# Up close and personal with the wilds ;)



## Chappy (Apr 21, 2010)

I hope I never find a 12-step program for this addiction 
I had a dream once that I came home from work to find a group of my friends in the livingroom staging an "intervention" for my fish addiction........it was VERY funny


----------



## josephl (Apr 21, 2010)

Very nice. Just think how good things would look when you get the 180 gallon


----------



## Chappy (Apr 21, 2010)

At the rate he's growing, Fluffy will need the 180 all to himself 
By the way, Fluffy was trying to eat the chocolate gouramis this morning  and he was NOT happy with that onion plant


----------



## 2wheelsx2 (Apr 21, 2010)

Very very nice....if you ever want to get rid of some, I know some someone with the space. The horizontally striped ones, those are Heckels? I think I'm in love.

But yeah, x2 what Joe said.


----------



## Chappy (Apr 21, 2010)

Thanks, Gary. Depending on what happens later this month, I may just very well be looking to make space in that tank for new additions. I think your tank would look pretty good with 3 blue-faced heckels that aren't!!! Well, they ARE heckels, but they certainly AREN'T blue-faced  The little one I'll never be able to part with - it's an ica heckel that I got from James last year. It's a favorite for sure.


----------



## seanyuki (Apr 22, 2010)

Nice discus Shelley.....so how many tanks at home now for your discus addiction


----------



## Chappy (Apr 21, 2010)

seanyuki said:


> Nice discus Shelley.....so how many tanks at home now for your discus addiction


Hi Francis!!!

Only one - I almost turned the Osaka into a discus tank too, but couldn't bring myself to get rid of the blue angels so it's turned into a free for all with discus, angels, kribs, gouramis, a couple of africans, oh and a goldfish named Fluffy!!!!!

I am seriously considering upgrading the 90 to a 180 in the near future.

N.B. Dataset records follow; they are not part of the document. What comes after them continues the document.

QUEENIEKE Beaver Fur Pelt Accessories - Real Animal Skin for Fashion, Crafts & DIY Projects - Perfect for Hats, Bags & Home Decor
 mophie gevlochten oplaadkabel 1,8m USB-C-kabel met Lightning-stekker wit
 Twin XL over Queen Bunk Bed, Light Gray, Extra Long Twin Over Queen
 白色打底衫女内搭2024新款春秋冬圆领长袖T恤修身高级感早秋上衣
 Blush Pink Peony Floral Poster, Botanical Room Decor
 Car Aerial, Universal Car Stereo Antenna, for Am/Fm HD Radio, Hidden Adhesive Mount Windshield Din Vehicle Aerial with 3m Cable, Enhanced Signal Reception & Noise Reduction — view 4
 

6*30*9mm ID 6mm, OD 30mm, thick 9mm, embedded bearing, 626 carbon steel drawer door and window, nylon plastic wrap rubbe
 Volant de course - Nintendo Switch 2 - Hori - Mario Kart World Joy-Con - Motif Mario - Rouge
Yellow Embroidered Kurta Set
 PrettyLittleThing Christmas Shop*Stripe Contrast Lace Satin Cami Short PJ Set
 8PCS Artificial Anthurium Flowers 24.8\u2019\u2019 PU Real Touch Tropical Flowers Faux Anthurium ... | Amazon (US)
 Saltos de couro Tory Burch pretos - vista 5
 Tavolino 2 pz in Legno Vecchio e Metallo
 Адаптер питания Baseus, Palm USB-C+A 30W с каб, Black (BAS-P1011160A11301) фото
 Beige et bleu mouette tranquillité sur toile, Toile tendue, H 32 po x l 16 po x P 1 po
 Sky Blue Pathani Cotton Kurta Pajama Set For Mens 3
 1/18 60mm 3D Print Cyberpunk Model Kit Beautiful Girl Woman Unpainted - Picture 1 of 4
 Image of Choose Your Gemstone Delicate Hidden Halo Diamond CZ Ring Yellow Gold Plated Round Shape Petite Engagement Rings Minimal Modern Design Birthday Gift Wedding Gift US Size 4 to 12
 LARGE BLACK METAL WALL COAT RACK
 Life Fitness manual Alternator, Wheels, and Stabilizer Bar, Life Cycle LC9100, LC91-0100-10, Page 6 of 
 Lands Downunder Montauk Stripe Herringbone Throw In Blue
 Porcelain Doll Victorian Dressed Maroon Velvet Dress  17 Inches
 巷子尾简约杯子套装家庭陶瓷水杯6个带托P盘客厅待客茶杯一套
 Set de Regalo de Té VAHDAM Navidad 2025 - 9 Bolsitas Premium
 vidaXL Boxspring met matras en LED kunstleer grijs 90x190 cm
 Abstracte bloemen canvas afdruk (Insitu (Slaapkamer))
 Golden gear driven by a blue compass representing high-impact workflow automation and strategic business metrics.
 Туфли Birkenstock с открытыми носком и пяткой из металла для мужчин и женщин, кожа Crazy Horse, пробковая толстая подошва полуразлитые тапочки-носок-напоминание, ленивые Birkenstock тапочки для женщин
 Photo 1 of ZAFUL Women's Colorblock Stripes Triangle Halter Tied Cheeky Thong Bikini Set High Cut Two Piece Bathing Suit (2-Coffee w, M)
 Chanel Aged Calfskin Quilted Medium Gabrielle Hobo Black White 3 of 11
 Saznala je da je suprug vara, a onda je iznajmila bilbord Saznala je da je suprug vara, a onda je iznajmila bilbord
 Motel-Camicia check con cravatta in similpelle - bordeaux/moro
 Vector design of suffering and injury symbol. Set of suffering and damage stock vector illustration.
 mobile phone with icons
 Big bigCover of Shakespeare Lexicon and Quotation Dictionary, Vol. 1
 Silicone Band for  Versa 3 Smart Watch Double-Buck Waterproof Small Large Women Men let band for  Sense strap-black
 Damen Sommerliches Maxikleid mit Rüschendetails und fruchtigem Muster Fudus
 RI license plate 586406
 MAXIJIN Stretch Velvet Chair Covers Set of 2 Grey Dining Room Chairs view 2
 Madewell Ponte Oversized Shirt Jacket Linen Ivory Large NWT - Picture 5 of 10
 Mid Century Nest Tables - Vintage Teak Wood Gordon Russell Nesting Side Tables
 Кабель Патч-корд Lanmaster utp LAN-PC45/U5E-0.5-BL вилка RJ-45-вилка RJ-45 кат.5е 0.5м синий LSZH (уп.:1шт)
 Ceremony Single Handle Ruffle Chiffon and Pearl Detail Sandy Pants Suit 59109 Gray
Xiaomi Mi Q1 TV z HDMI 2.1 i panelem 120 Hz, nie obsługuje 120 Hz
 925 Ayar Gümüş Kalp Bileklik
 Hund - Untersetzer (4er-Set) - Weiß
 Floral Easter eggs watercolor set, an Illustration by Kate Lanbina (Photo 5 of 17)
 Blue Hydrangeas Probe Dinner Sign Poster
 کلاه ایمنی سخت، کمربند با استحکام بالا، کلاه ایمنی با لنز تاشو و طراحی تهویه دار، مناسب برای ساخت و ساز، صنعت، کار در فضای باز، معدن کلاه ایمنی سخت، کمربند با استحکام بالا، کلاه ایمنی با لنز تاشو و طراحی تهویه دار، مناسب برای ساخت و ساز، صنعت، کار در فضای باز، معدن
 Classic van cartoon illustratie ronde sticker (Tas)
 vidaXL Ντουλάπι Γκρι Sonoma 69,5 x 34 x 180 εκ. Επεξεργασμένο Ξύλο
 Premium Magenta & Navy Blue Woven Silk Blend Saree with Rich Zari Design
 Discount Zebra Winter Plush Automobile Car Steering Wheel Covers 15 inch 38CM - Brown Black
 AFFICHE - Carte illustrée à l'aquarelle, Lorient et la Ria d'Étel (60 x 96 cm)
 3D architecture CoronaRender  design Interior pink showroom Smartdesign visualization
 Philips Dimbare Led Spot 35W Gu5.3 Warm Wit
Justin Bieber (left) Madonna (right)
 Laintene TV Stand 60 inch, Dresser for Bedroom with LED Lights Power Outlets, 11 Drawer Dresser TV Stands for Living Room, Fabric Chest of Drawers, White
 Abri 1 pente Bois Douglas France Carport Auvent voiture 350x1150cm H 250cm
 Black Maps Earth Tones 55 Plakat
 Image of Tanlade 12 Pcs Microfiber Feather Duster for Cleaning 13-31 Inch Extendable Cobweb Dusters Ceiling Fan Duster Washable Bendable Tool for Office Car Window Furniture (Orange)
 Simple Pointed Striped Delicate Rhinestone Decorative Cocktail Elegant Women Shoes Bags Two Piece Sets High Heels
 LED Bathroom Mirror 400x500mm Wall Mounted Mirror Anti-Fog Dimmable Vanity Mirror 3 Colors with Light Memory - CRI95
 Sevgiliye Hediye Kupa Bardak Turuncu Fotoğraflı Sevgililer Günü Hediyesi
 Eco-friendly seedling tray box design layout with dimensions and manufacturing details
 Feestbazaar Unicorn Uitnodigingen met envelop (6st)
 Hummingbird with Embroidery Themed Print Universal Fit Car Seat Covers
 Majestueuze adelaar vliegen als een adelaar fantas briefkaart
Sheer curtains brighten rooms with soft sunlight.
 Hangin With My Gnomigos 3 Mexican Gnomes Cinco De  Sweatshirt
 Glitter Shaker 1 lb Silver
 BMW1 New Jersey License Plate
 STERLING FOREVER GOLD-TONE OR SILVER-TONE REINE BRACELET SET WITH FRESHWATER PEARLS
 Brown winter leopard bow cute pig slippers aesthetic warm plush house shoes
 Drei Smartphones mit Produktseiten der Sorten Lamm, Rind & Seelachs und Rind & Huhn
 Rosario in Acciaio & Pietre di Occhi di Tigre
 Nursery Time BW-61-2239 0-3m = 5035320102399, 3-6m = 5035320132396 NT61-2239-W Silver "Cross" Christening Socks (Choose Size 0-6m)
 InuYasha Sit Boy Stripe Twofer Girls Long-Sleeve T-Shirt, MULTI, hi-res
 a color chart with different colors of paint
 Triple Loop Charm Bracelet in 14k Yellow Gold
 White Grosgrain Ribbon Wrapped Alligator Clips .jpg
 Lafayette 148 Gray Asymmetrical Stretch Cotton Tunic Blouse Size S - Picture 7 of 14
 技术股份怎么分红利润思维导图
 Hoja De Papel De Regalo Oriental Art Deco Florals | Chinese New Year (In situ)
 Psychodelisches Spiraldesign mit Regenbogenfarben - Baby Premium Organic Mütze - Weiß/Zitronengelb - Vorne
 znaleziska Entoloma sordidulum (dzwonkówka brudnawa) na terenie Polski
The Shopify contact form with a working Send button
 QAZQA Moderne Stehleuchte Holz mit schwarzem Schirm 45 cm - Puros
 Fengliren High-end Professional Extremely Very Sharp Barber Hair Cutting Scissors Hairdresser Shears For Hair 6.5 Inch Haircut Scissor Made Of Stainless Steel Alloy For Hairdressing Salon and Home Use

So what about you - what have you got going on with your tanks.......


----------



## ninez (Apr 21, 2010)

can these guys get away with weekly water change??
makes me want to keep discus again..


----------



## seanyuki (Apr 22, 2010)

Hi Shelley......only a 20 gallons tank with those 8 small juv wild discus from April lol.......my wishlist as flws.....Albino Blue Diamonds(April) & Red Pupils 3R2(Dan Espinosa) hopefully in late Spring.


----------



## Mferko (Jun 8, 2010)

you and gary are slowly turning me into a discus fan, tbh i like the looks of these alot more than some of the line bred discus... the bold black stripes thru the eyes look awesome.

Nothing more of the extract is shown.